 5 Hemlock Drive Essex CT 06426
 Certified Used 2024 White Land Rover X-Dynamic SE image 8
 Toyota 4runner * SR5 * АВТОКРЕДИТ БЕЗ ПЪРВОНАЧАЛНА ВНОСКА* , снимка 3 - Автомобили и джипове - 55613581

========

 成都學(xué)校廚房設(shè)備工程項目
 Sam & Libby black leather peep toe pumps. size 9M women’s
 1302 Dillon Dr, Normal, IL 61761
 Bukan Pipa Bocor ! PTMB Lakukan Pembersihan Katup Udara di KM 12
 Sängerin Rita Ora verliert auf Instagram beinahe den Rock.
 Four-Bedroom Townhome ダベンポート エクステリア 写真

========

**Work request:** Looking back over the data above, restate word for word the lines that begin at the line with "成都學(xué)校廚房設(shè)備工程項目" and end at the line with "Four-Bedroom Townhome ダベンポート エクステリア 写真", inclusive.

**Task response:**
 成都學(xué)校廚房設(shè)備工程項目
 Sam & Libby black leather peep toe pumps. size 9M women’s
 1302 Dillon Dr, Normal, IL 61761
 Bukan Pipa Bocor ! PTMB Lakukan Pembersihan Katup Udara di KM 12
 Sängerin Rita Ora verliert auf Instagram beinahe den Rock.
 Four-Bedroom Townhome ダベンポート エクステリア 写真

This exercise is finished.